The International Communications Forum is convinced that the honesty or dishonesty of media affects the mental health of the world. Freedom of expression is vital as a means of permitting all views to flourish peacefully. It is a cliché that the price of this freedom must be continual vigilance – in particular vigilance to identify and expose the encouragement of malice, war and the incident of hate speech and image.

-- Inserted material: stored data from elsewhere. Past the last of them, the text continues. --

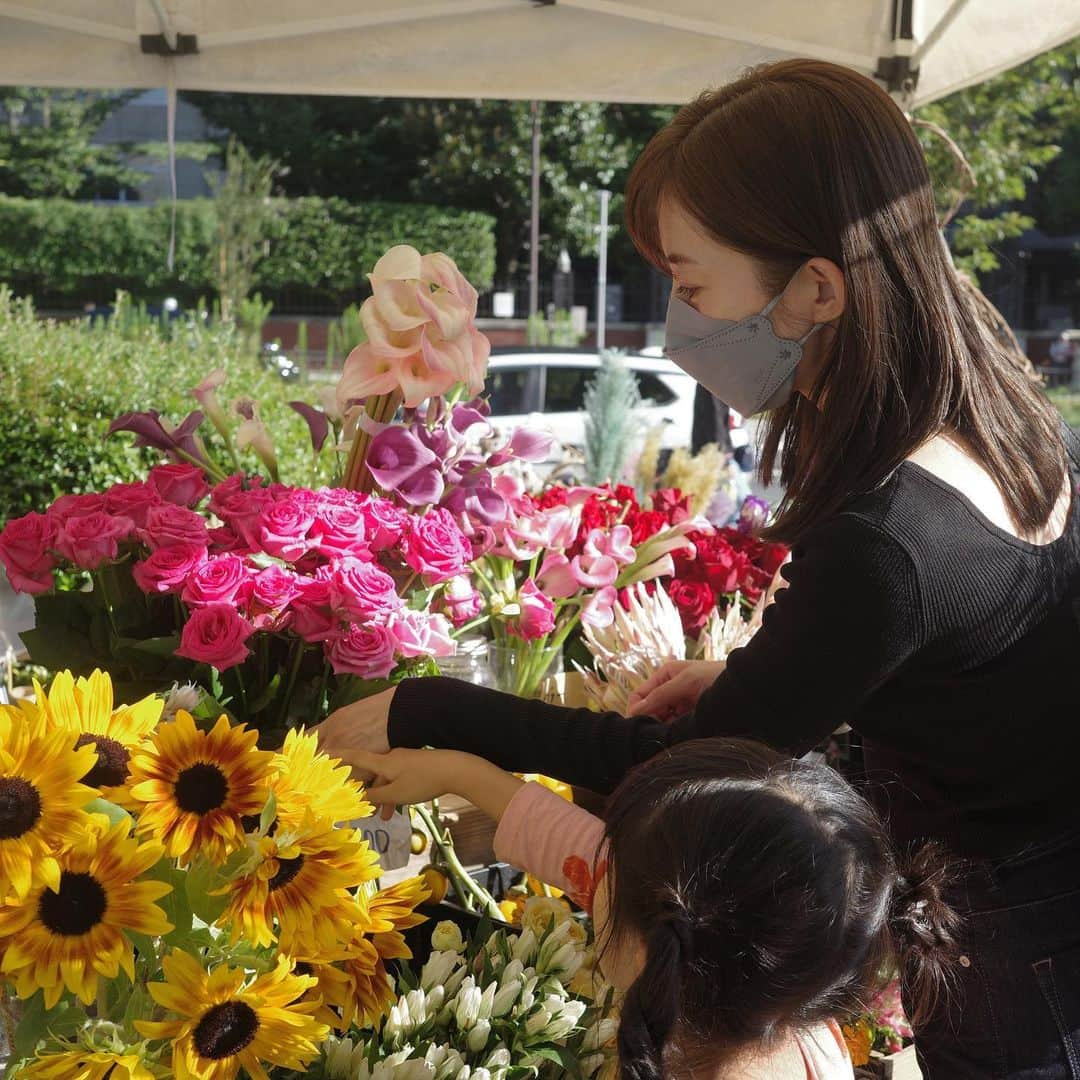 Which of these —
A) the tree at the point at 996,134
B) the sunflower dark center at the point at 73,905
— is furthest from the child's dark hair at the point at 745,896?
the tree at the point at 996,134

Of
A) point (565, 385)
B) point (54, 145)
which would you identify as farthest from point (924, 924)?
point (54, 145)

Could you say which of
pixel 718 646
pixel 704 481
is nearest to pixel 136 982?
pixel 718 646

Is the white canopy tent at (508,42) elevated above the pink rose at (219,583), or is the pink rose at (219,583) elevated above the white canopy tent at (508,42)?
the white canopy tent at (508,42)

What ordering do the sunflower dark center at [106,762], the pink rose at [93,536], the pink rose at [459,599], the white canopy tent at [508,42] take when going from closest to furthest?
1. the sunflower dark center at [106,762]
2. the pink rose at [93,536]
3. the pink rose at [459,599]
4. the white canopy tent at [508,42]

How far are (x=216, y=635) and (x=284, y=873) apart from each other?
443 millimetres

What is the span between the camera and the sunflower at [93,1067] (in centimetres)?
72

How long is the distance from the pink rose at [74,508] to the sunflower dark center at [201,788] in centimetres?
60

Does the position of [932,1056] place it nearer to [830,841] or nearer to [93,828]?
[830,841]

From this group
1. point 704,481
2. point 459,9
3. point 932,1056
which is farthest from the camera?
point 704,481

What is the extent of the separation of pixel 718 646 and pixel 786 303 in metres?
0.71

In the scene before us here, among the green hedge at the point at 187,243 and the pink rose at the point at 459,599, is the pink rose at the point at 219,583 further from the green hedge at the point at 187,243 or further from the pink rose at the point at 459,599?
the green hedge at the point at 187,243

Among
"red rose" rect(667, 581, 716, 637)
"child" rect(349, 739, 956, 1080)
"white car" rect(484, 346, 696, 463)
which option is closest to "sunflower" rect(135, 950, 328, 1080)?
"child" rect(349, 739, 956, 1080)

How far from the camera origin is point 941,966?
1.12 m

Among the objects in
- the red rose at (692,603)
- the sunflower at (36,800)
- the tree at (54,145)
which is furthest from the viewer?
the tree at (54,145) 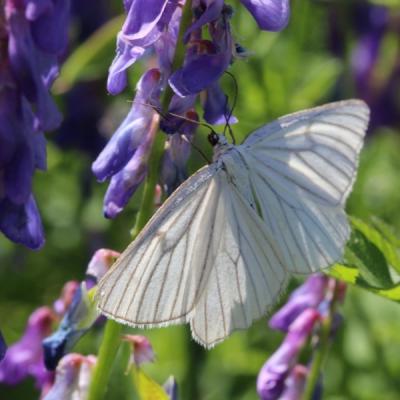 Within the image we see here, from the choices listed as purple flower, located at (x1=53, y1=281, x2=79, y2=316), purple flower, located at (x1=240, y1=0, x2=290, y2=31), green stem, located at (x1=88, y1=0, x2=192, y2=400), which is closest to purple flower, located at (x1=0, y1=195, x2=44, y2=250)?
green stem, located at (x1=88, y1=0, x2=192, y2=400)

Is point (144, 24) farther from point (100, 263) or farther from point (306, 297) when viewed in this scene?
point (306, 297)

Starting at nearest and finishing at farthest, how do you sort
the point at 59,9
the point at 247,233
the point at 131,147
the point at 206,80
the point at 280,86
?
the point at 59,9 < the point at 206,80 < the point at 131,147 < the point at 247,233 < the point at 280,86

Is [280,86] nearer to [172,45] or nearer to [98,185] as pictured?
[98,185]

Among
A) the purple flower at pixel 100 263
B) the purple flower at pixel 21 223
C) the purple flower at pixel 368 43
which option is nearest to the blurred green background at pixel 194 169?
the purple flower at pixel 368 43

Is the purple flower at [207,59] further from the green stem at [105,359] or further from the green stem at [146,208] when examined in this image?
the green stem at [105,359]

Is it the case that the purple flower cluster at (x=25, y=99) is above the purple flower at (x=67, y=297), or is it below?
above

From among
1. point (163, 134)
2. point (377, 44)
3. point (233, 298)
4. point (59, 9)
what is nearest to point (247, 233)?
point (233, 298) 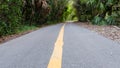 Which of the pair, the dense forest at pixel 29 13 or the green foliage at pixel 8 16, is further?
the dense forest at pixel 29 13

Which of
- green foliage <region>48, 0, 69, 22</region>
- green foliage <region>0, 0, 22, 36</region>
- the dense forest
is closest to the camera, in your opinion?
green foliage <region>0, 0, 22, 36</region>

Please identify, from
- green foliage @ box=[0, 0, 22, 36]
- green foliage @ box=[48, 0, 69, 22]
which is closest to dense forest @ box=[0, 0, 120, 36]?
green foliage @ box=[0, 0, 22, 36]

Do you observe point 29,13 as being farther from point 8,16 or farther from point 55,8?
point 55,8

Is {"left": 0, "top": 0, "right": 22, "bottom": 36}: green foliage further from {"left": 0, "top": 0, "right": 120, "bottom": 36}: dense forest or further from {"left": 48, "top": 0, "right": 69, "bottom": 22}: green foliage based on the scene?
{"left": 48, "top": 0, "right": 69, "bottom": 22}: green foliage

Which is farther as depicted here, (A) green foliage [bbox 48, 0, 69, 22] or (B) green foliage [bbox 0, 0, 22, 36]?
(A) green foliage [bbox 48, 0, 69, 22]

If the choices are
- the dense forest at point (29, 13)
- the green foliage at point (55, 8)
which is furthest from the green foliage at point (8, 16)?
the green foliage at point (55, 8)

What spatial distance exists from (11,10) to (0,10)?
195cm

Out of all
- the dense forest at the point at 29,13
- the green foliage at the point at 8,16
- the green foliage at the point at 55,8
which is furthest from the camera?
the green foliage at the point at 55,8

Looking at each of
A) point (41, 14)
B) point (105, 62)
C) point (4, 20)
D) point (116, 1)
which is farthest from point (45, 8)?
point (105, 62)

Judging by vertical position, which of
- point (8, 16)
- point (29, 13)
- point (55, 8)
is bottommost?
point (55, 8)

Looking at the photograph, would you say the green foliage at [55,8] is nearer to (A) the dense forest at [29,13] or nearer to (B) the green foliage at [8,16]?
(A) the dense forest at [29,13]

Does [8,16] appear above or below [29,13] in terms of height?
above

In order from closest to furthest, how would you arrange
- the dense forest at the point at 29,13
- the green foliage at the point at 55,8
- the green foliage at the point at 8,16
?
the green foliage at the point at 8,16 < the dense forest at the point at 29,13 < the green foliage at the point at 55,8

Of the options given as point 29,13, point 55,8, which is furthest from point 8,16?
point 55,8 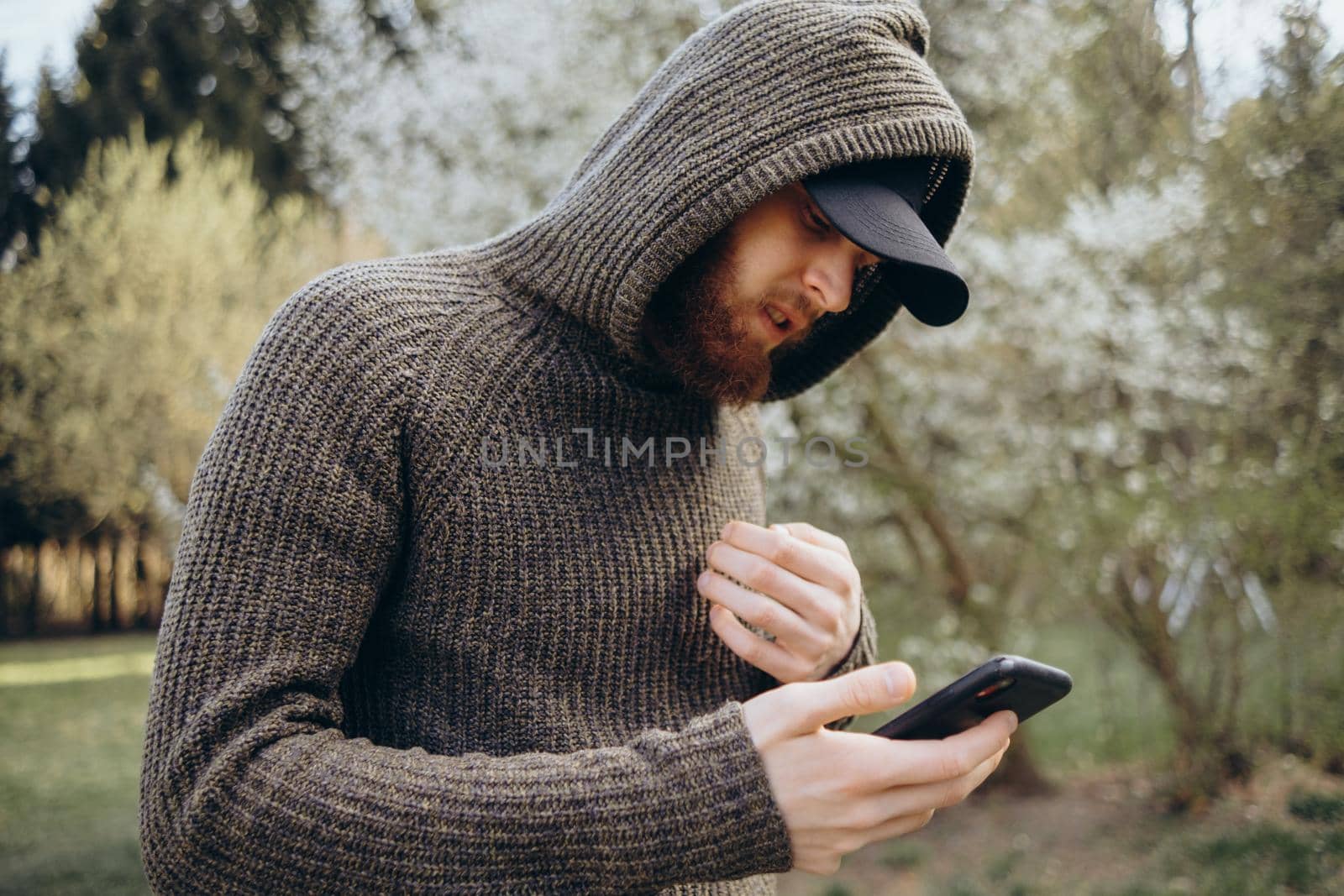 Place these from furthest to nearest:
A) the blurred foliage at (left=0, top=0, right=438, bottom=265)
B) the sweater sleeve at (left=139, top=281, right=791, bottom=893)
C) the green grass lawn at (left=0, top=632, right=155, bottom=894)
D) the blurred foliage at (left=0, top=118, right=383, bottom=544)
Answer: the blurred foliage at (left=0, top=0, right=438, bottom=265) → the blurred foliage at (left=0, top=118, right=383, bottom=544) → the green grass lawn at (left=0, top=632, right=155, bottom=894) → the sweater sleeve at (left=139, top=281, right=791, bottom=893)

Monday, September 26, 2011
China arrests S. Korean journalists near border with N. Korea
Reporters Without Borders has reported that a group of journalists from the South Korean daily JoongAng Ilbo have been arrested by Chinese authorities on suspicion of spying. The group consists of four journalists, the head of a Seoul-based transport research centre and a local guide; they were arrested in a restricted military zone near the Tumen River, which forms the border with North Korea. Officials have confirmed that the group were travelling on tourist visas, and are being held in a hotel near the border. Reporters Without Borders has noted that “Press visas are hard to get and, when journalists lack them, the Chinese authorities use this as grounds for preventing them from working in this sensitive border area.” Chinese authorities are uncomfortable with foreign journalists visiting the North Korean border. In 2003, the South Korean freelance journalist Seok Jae-hyun was arrested for filming North Korean refugees fleeing to China and was held for 14 months on a charge of ‘trafficking human beings’.